## Required work:
Give again, exactly and without pictures, the lines running from the line with "Chief Minister Prem" to the end of the records below.
————
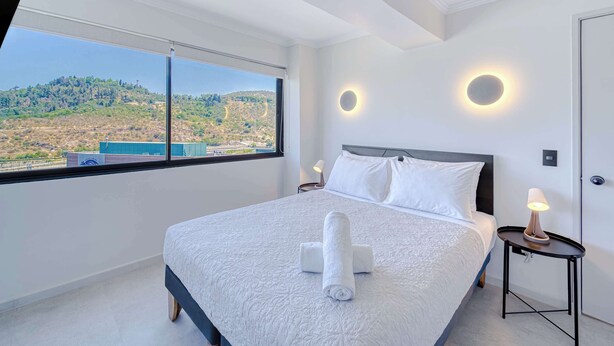 Una habitación de hotel moderna con una cama grande, dos mesitas de noche con lámparas, vista a un paisaje montañoso a través de un ventanal amplio y una lámpara de pared circular.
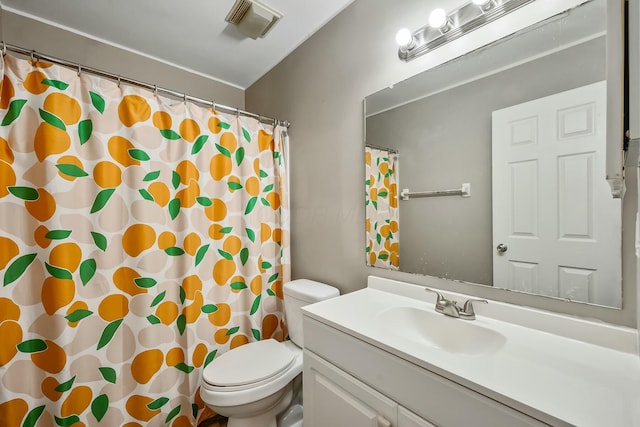 bathroom featuring toilet, curtained shower, vanity, and visible vents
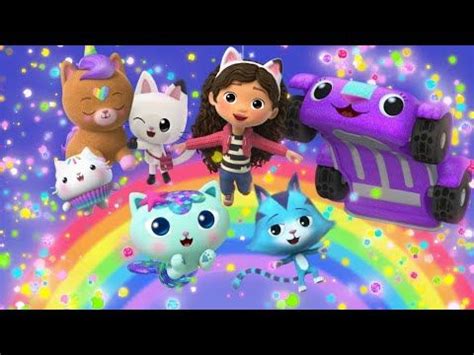 a group of cartoon characters standing on top of a rainbow colored ...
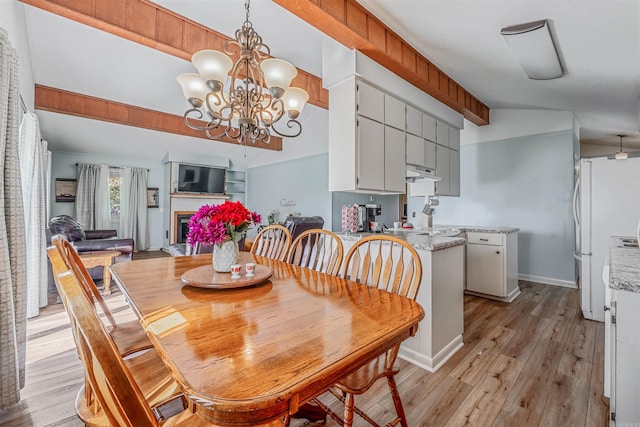 dining room featuring light hardwood / wood-style flooring, vaulted ceiling with beams, and a notable chandelier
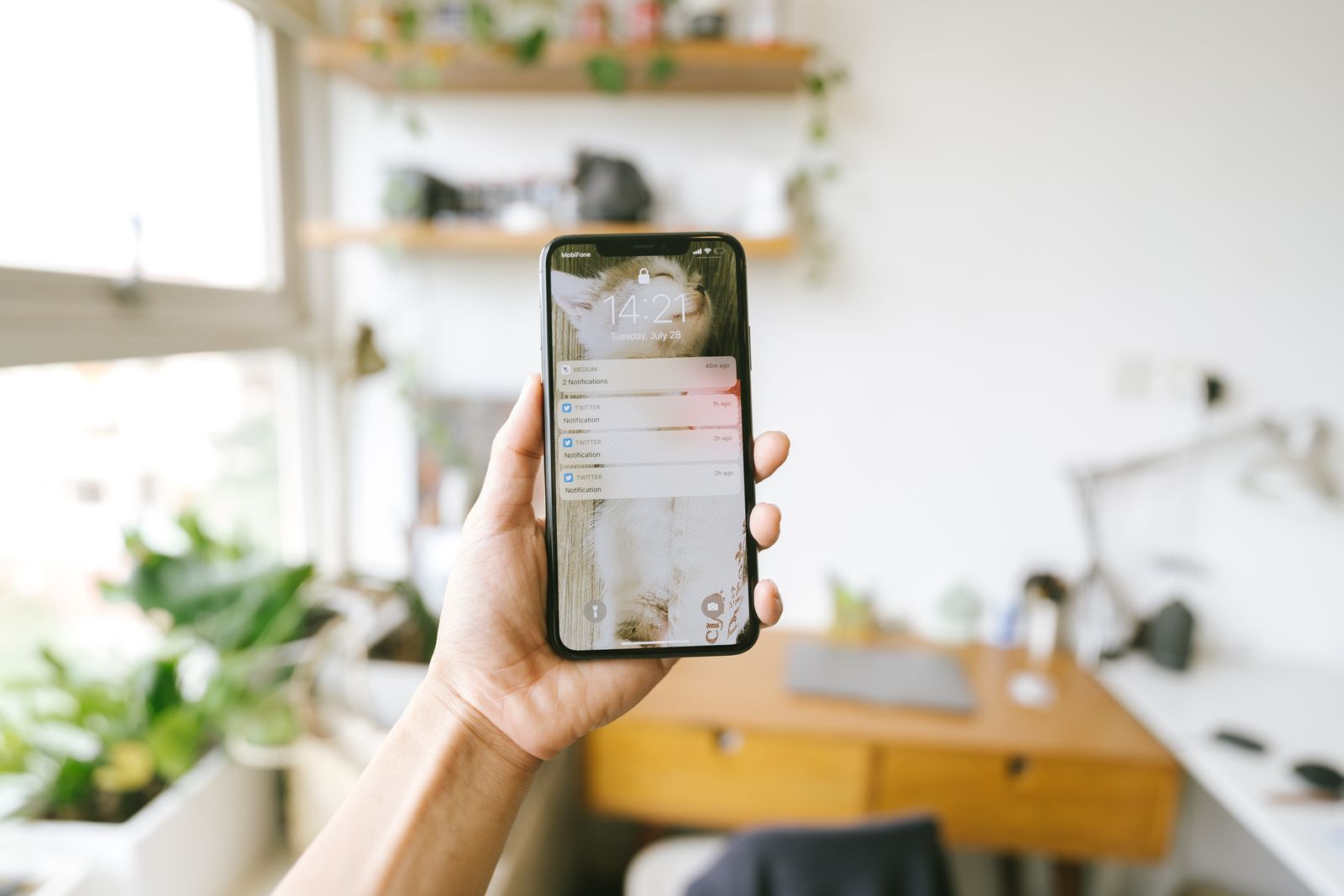 A person holding a smartphone in an office, focused on incoming notifications on the screen.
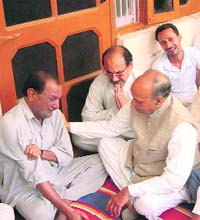 Chief Minister Prem Kumar Dhumal at the home of CRPF jawan Pankaj, who was killed by Naxals, consoling the family at Dehra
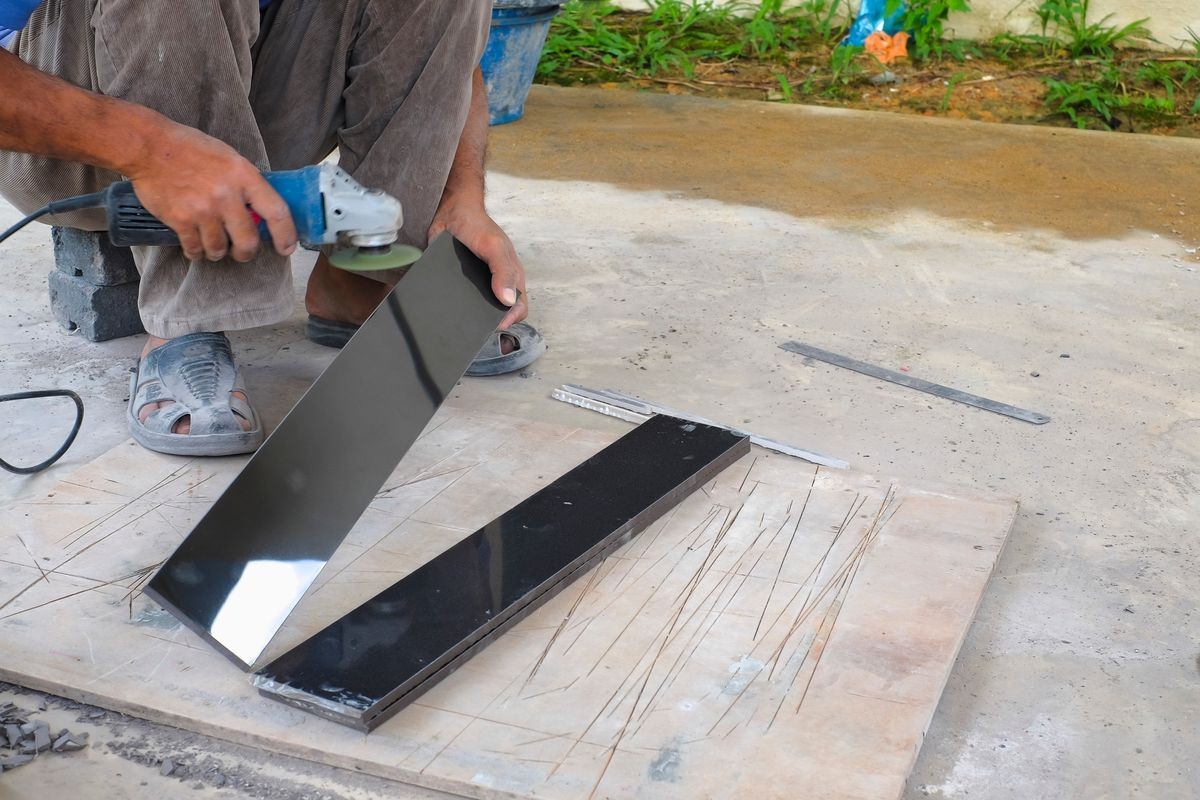 Worker cutting floor tiles with angle grinder  at construction site. Kitchen renovation  and improvement.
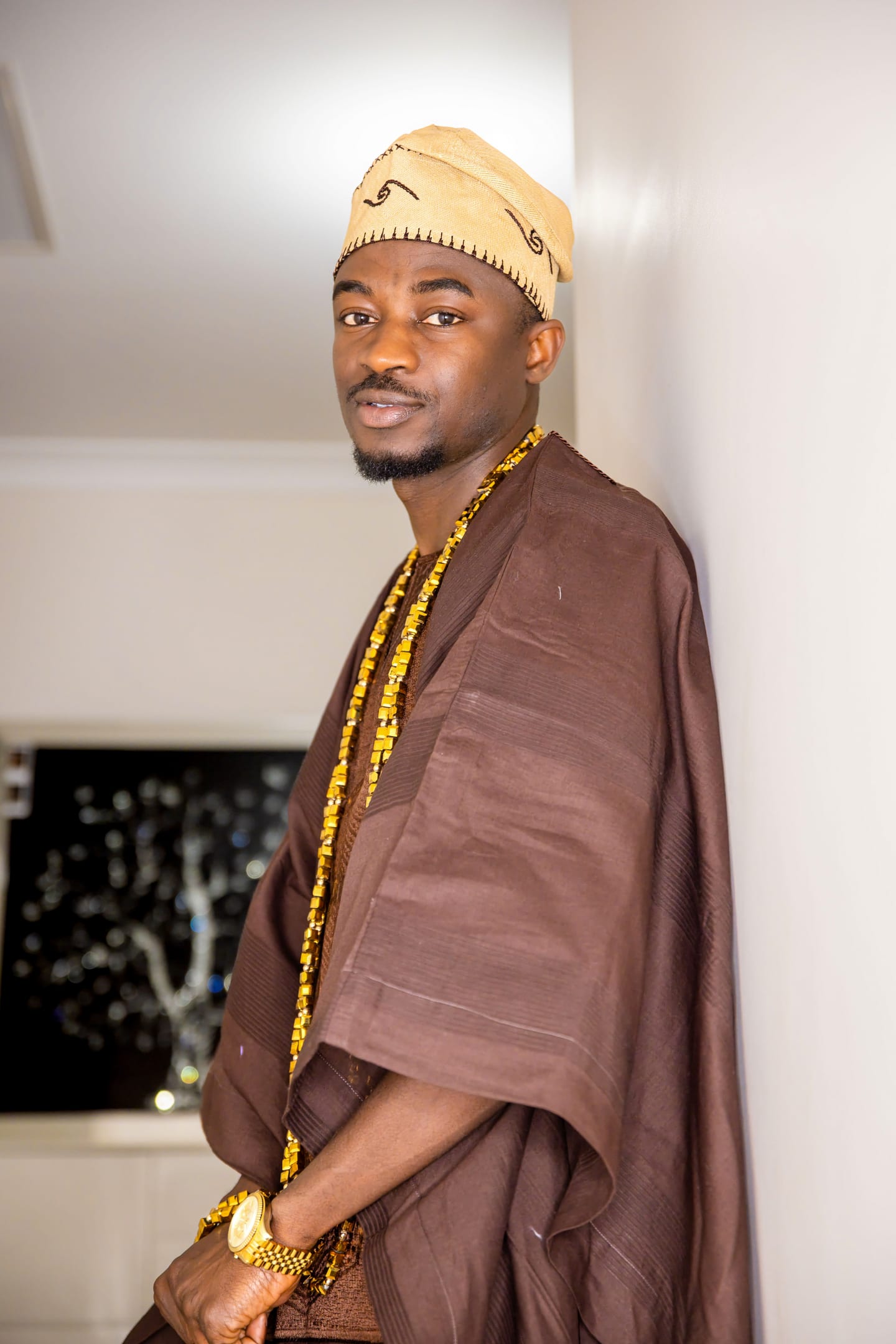 A man in a brown agbada and embroidered tan fila leaning against a white wall, gold beads at his neck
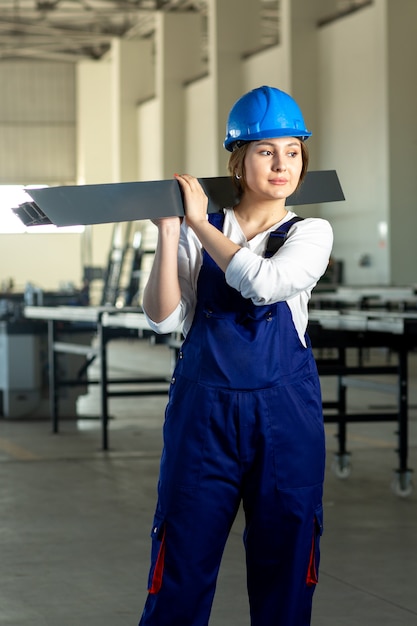 Бесплатное фото Фронтальный вид сбоку молодая привлекательная дама в синем строительном костюме и шлеме, держащая тяжелые металлические детали в дневное время.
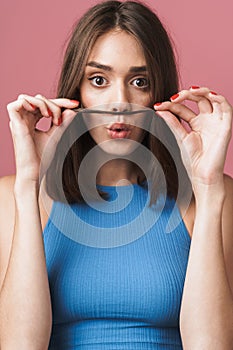 Image of young brunette woman having fun and putting her hair as mustache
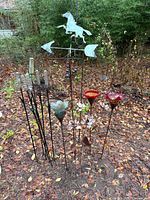 All garden stakes grouped outdoors showing horse weathervane, flower stakes, and glass-topped stakes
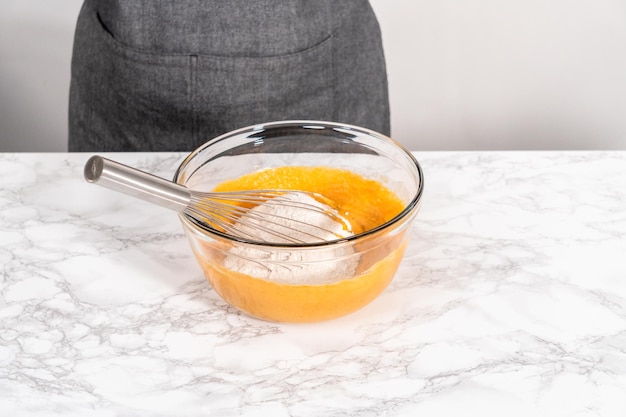 Mixing ingredients in a large glass mixing bowl to bake chocolate pumpkin bundt cake with toffee glaze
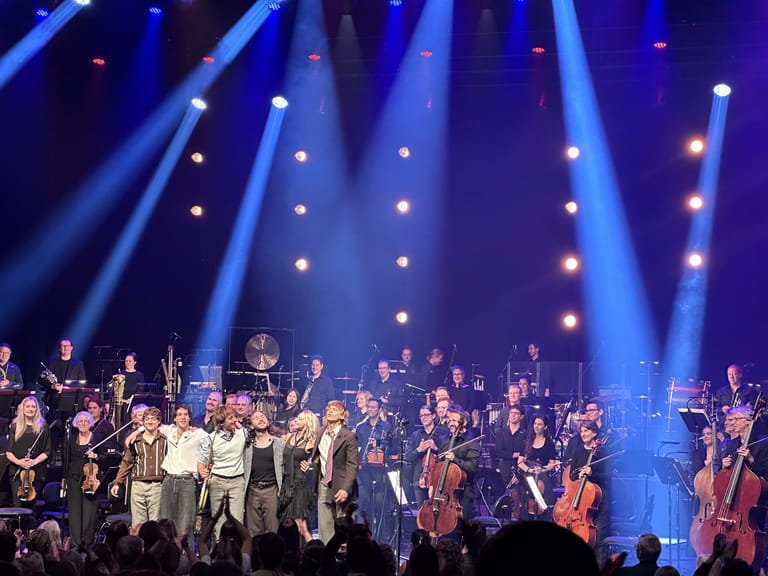 Lime Cordiale and orchestra members stand together on stage beneath dramatic blue concert lighting.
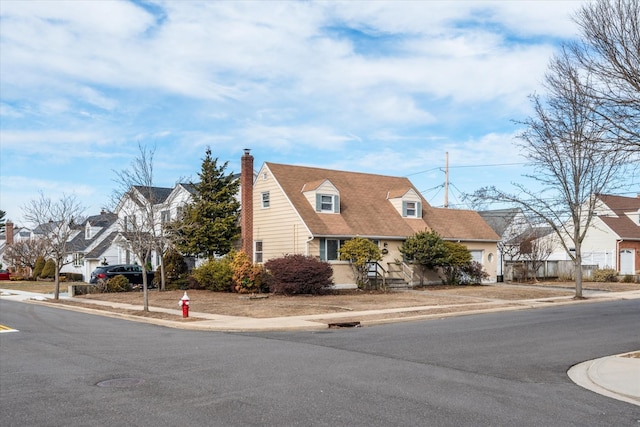 cape cod house with a residential view and a chimney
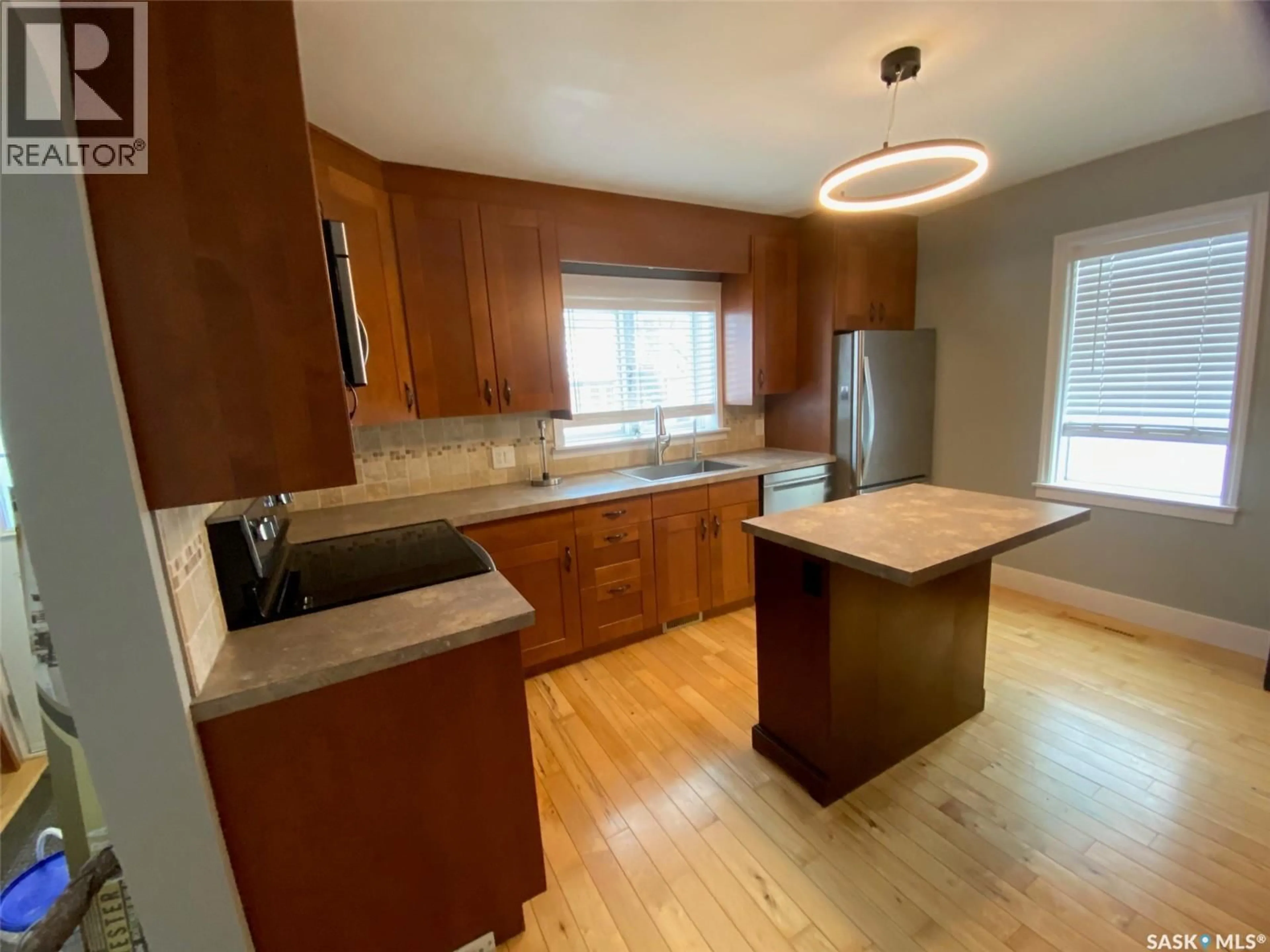 Open concept kitchen, wood/laminate floor for 100 THIRD AVENUE, Yorkton Saskatchewan S3N1C3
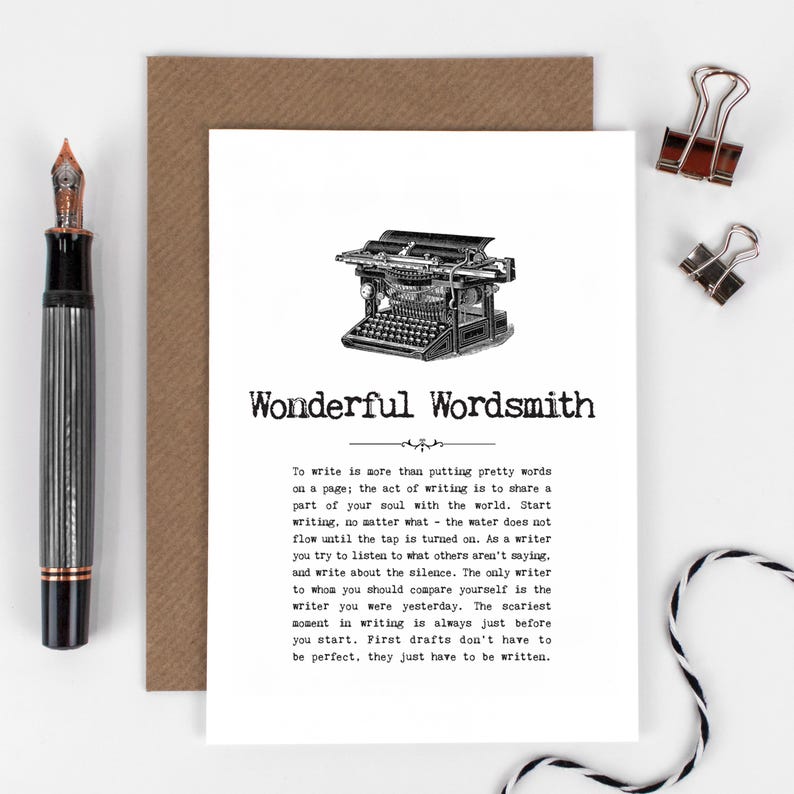 Pu&ograve; includere: Un biglietto di auguri con la scritta "Wonderful Wordsmith" e un'illustrazione di una macchina da scrivere d'epoca. Sono visibili anche una penna stilografica nera e argento e due fermagli argentati.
————
## Written reply:
 Chief Minister Prem Kumar Dhumal at the home of CRPF jawan Pankaj, who was killed by Naxals, consoling the family at Dehra
 Worker cutting floor tiles with angle grinder  at construction site. Kitchen renovation  and improvement.
 A man in a brown agbada and embroidered tan fila leaning against a white wall, gold beads at his neck
 Бесплатное фото Фронтальный вид сбоку молодая привлекательная дама в синем строительном костюме и шлеме, держащая тяжелые металлические детали в дневное время.
 Image of young brunette woman having fun and putting her hair as mustache
 All garden stakes grouped outdoors showing horse weathervane, flower stakes, and glass-topped stakes
 Mixing ingredients in a large glass mixing bowl to bake chocolate pumpkin bundt cake with toffee glaze
 Lime Cordiale and orchestra members stand together on stage beneath dramatic blue concert lighting.
 cape cod house with a residential view and a chimney
 Open concept kitchen, wood/laminate floor for 100 THIRD AVENUE, Yorkton Saskatchewan S3N1C3
 Pu&ograve; includere: Un biglietto di auguri con la scritta "Wonderful Wordsmith" e un'illustrazione di una macchina da scrivere d'epoca. Sono visibili anche una penna stilografica nera e argento e due fermagli argentati.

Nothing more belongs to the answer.